1. Buy in markets that have potential to increase in value. Looking for lower priced markets, with affordable rents and growing economies is a great way to hedge against future loss.
2. Buy value add properties. Buying properties that have issues today that your team can fix through physical renovation and management strategies will increase your net operating income (NOI). This in-turn will increase the value of the property. The key is not to refinance all the value out of that property.
3. Get long term debt on the property. If you can obtain 10 year or better balloon on your note, then you will have ample time for principal reduction. The last thing you want is to have a cash flowing building that you bought at a 7 cap and in 5 years when the market has corrected you are not able to refinance because the current market is selling at an 8 cap.
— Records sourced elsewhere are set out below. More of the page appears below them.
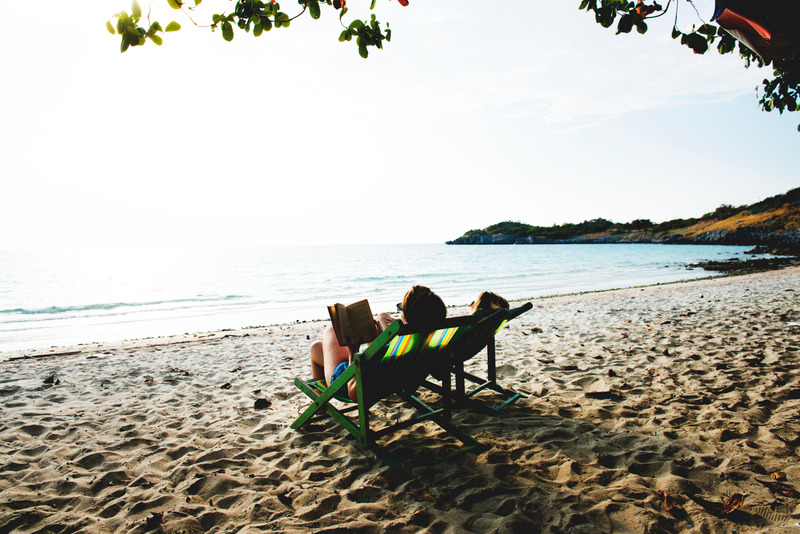 女性户外休闲度假节日放假假期假日沙滩休息图片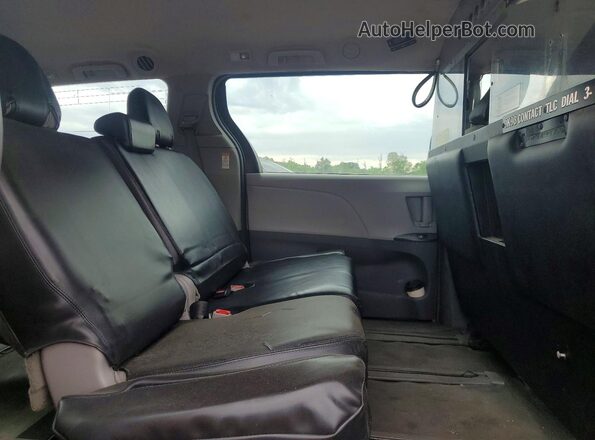5TDZK3DC1GS754152 2016 TOYOTA SIENNA Yellow Widok wnętrza z tyłu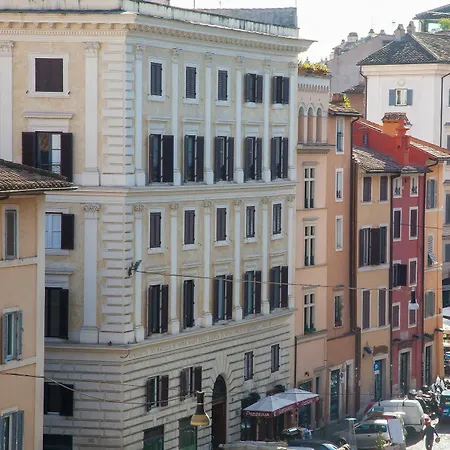 Prestigious Piazza Navona Apartment Rome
That can happen after the 10 year mark as well, but if you followed step 1 and 2, then you are sure to have enough equity to weather the storm.
My suggestion is to weigh your options. Is this the best market to buy in or sell in? In markets like this you can profit a great deal as a buyer if you can buy a building and add true value to it by increasing the net operating income (NOI or gross profit – gross expenses) and sell it before the market crashes. This is a game of calculated risk, but can yield huge profits for those fortunate enough to sell before the crash. Be careful of buying for future value increase based on market conditions vs forced appreciation through a value play. Also be careful of thinking you can renovate a property to add value. That may not be the case in the sub-market you chose. The best strategy is to buy for cash flow and use all other strategies as the icing on the cake.
As a seller, one needs to decide if the profit is worth exiting. You also need to decide if you feel the market will continue to increase or be stable while you hold on to your asset and if it does decrease if you can sustain a prolonged downturn. Considering the potential tax implications of selling and the loss of tax advantages and income is important as well. If you want complete a 1031 exchange, understanding what asset class you will purchase is important and what market you will purchase in. Are you going to swing to commercial such as industrial, office space, retail or will you stay in apartments and perhaps invest in a market that has appreciation to gain?